Is it true, then, that “predestination to eternal happiness is the everlasting purpose of God, whereby, before the foundations of the world were laid, he hath constantly decreed by his council, secret to us, to deliver from curse and damnation those whom he hath chosen out of mankind?” Is it true that of the human family there are some who, in view of no fault of their own, Almighty God has condemned to unending torture, eternal misery?
In 1595 the Lambeth Articles asserted that “God from eternity hath predestinated certain men unto life; certain he hath reprobated.” In 1618 the Synod of Dort decided in favor of this view. It condemned the remonstrants against it, and treated them with such severity, that many of them had to flee to foreign countries. Even in the Church of England, as is manifested by its seventeenth Article of Faith, these doctrines have found favor.
Probably there was no point which brought down from the Catholics on the Protestants severer condemnation than this, their partial acceptance of the government of the world by law. In all Reformed Europe miracles ceased. But, with the cessation of shrine-cure, relic-cure, great pecuniary profits ended.

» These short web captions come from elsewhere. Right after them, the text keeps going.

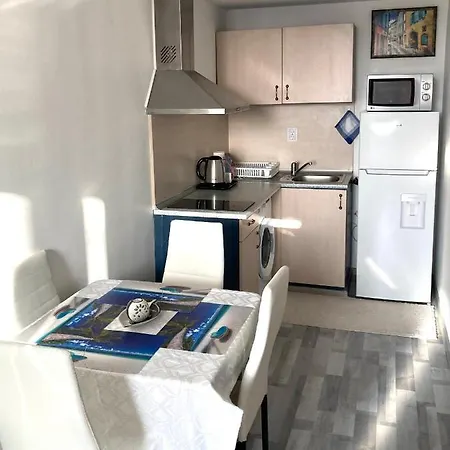 блу самър 1 & 2 & 3 Apartment Sunny Beach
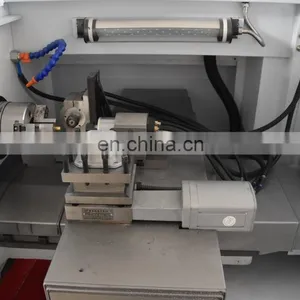 CXK0640A Drilling Milling Tapping Multi-function CNC Lathe thumbnail-2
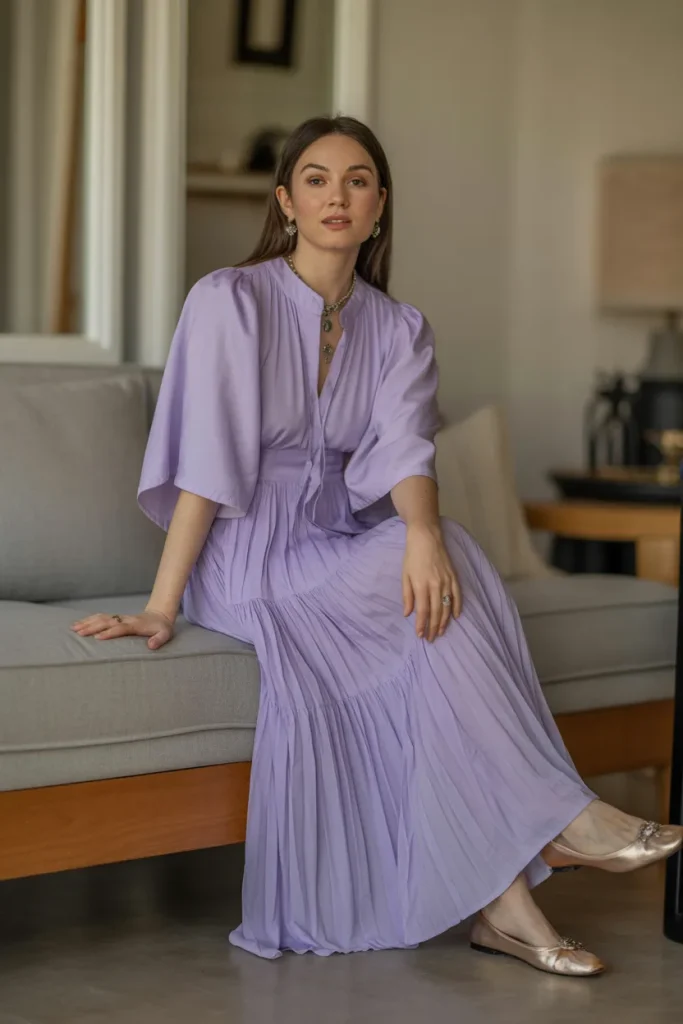 Graceful Hues for Sacred Moments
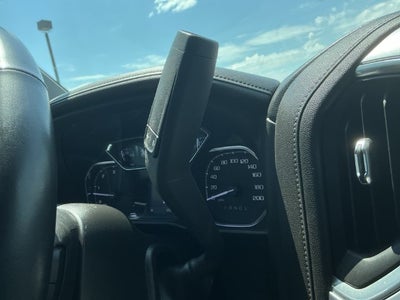 2023 GMC Sierra 3500HD SLE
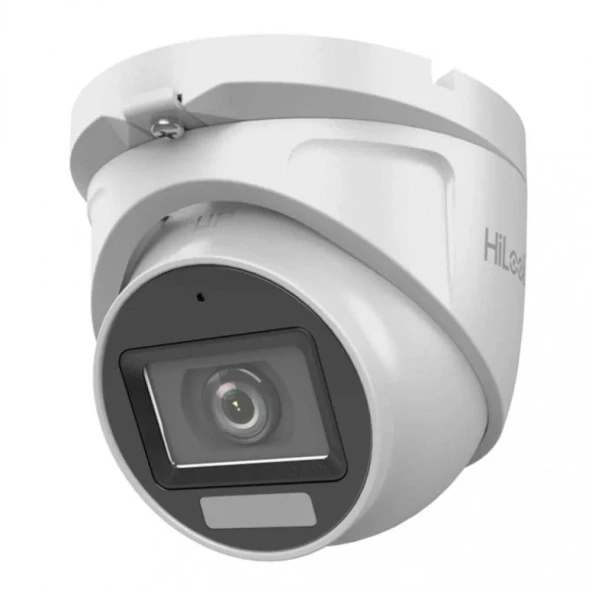 Hilook 2mp Dual Light 2.8mm Mini Dome Kamera Dual-Light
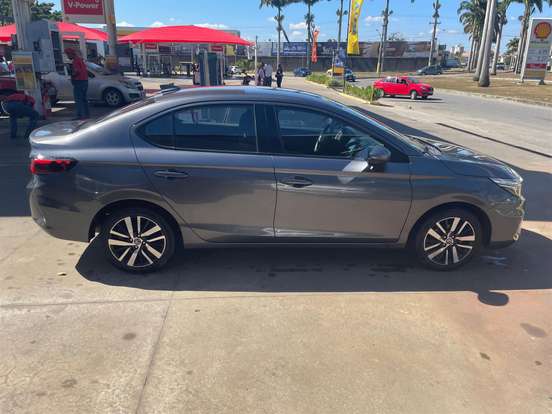 HONDA-CITY-1.5 i-VTEC FLEX EX CVT HONDA-CITY-2022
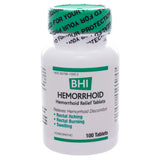BHI Homeopathics/Medinatura BHI Hemorrhoid 100 Tablets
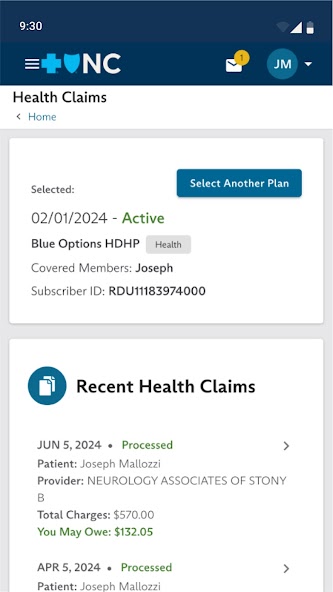Blue Connect Mobile NC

Indeed, as is well known, it was the sale of indulgences that provoked the Reformation—indulgences which are essentially a permit from God for the practice of sin, conditioned on the payment of a certain sum of money to the priest.
Philosophically, the Reformation implied a protest against the Catholic doctrine of incessant divine intervention in human affairs, invoked by sacerdotal agency; but this protest was far from being fully made by all the Reforming Churches. The evidence in behalf of government by law, which has of late years been offered by science, is received by many of them with suspicion, perhaps with dislike; sentiments which, however, must eventually give way before the hourly-increasing weight of evidence.